Given a decision problem X, can there exist an algorithm A which, given any algorithm B which solves X in finitely many steps, determines whether B runs in polynomial time? If such an A exists, when is it possible for A to run in polynomial time?
For some decision problems $X$, the answer to your question is affirmative, for the trivial reason that $X$ admits no polynomial-time solution, so $A$ can be the algorithm that always says "no". But for more reasonable problems $X$, there cannot be any such $A$.
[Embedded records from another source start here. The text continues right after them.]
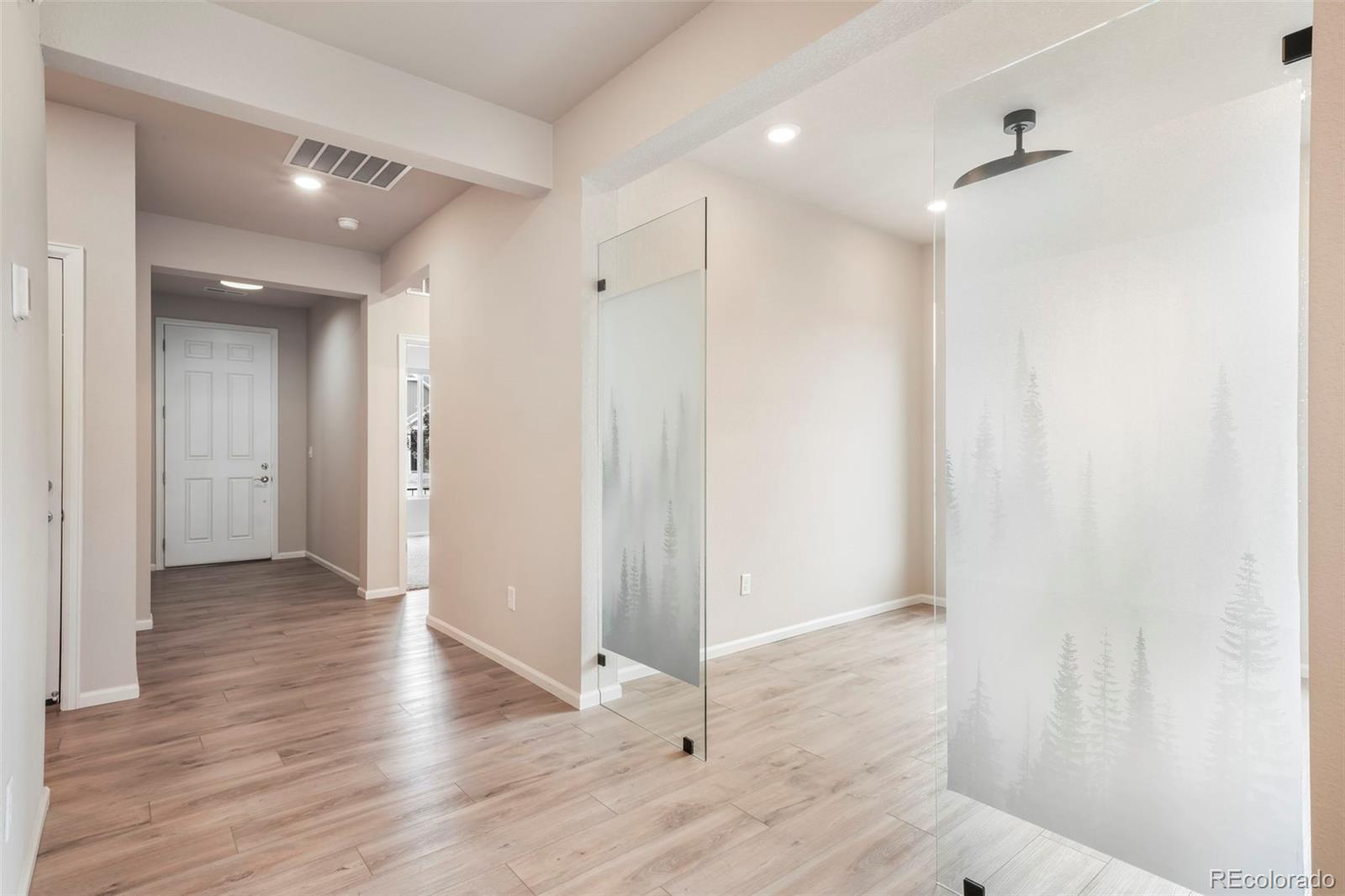 5697 Torrisdale View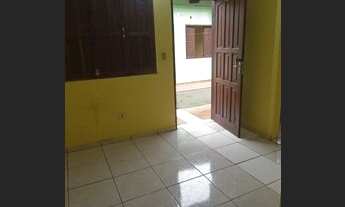 Imagem 2: Alugo Kitnets Próximo a UPE km7 (700 metros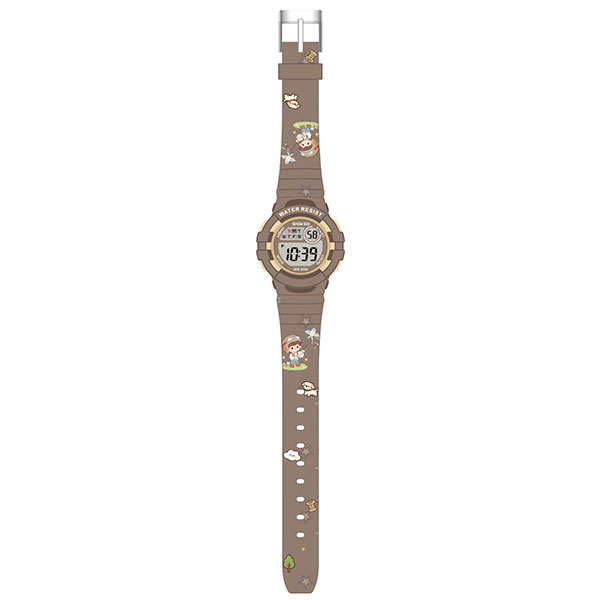 Smile Kid 34 mm Trẻ em SL06726-04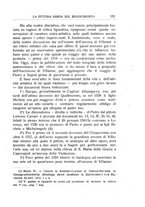 giornale/CAG0013439/1926/unico/00000197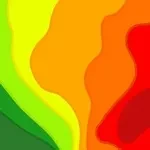 SKAI app icon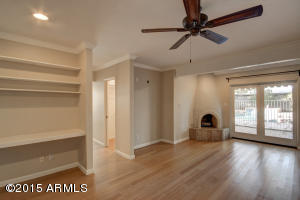 5312 N 6th St, Phoenix, AZ 85012 photo 20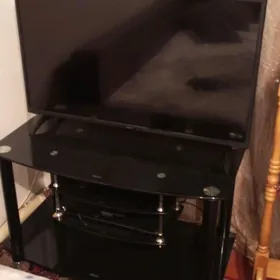 skyworth 40k telewizor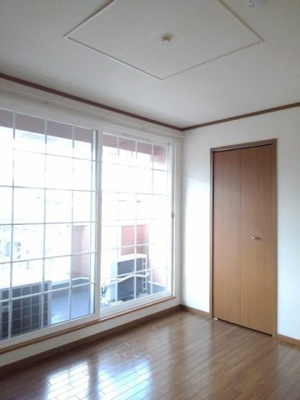 【その他】 | ジャルディーノ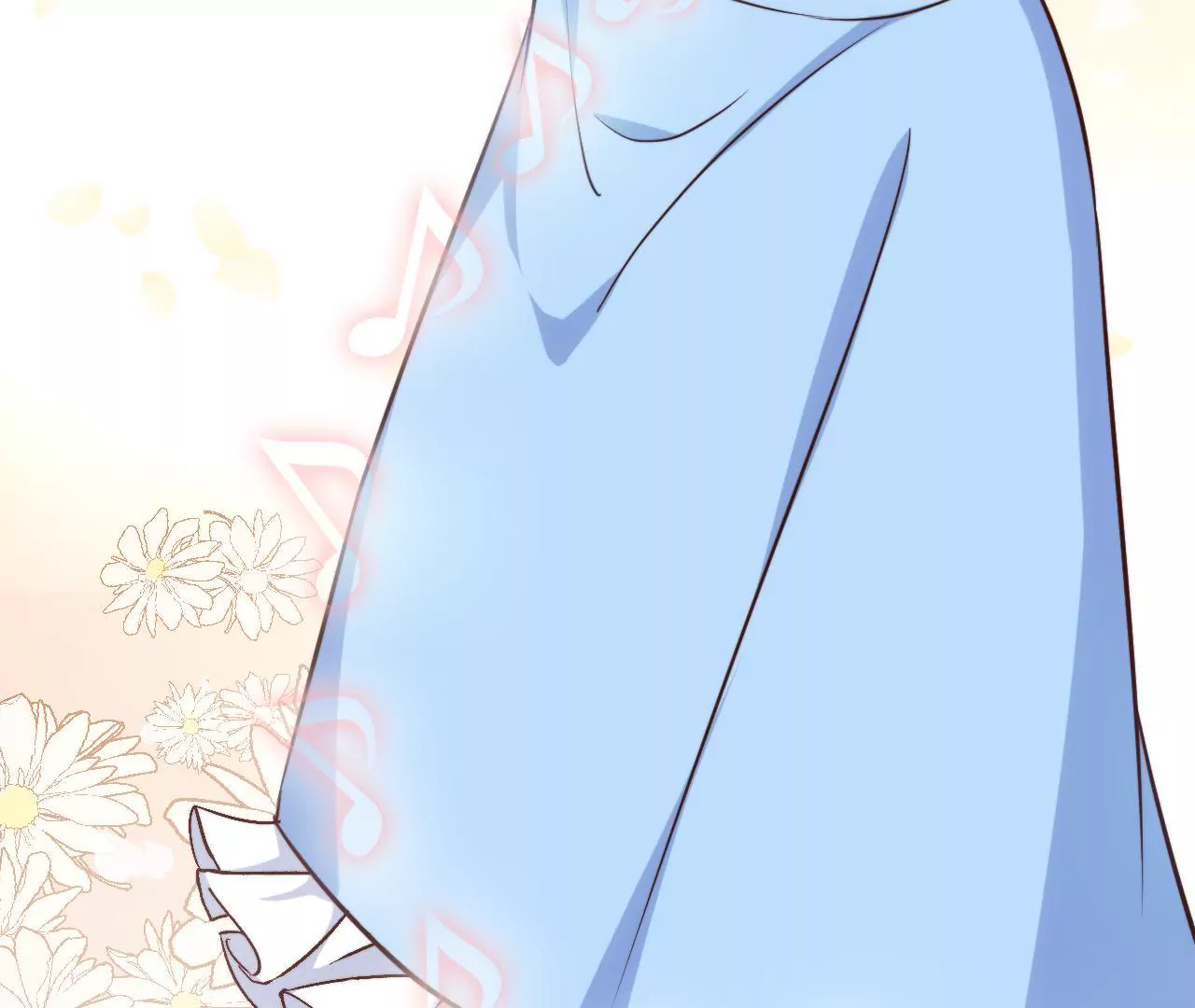 第31话 大卫的神助攻(1/2)-第33话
Consider a problem $X$ for which there is a polynomial-time algorithm $Q$ that decides $X$. I claim that, if there were an $A$ as in your question, we could use it to decide the halting problem. To see this, consider any instance of the halting problem, say Turing machine $M$ on input $z$. Let $B$ be the following algorithm for solving the problem $X$. On any input $x$, first use $Q$ to figure out the answer, but, instead of outputting the answer immediately, do two tasks in parallel: (1) count from 1 to $2^n$, where $n$ is the length of $x$, and (2) run $M$ on input $z$. As soon as either of these tasks is finished, output the answer that $Q$ gave. If machine $M$ on input $z$ doesn't halt, then task (2) will never be completed, so $B$ will produce an output only after exponential time $2^n$. But if $M$ on $z$ halts after $s$ steps, then $B$ will produce its output after a polynomial number of steps, essentially the time needed by $Q$ plus (a constant overhead factor times) $s$. So $B$ takes polynomial time iff $M$ on $z$ halts.
Now the program for $B$ can be effectively computed from that of $M$ and $z$. So by producing $B$ and then applying the assumed algorithm $A$ to it, we could decide the halting problem. Since the halting problem is known to be undecidable, it follows that there cannot be such an $A$.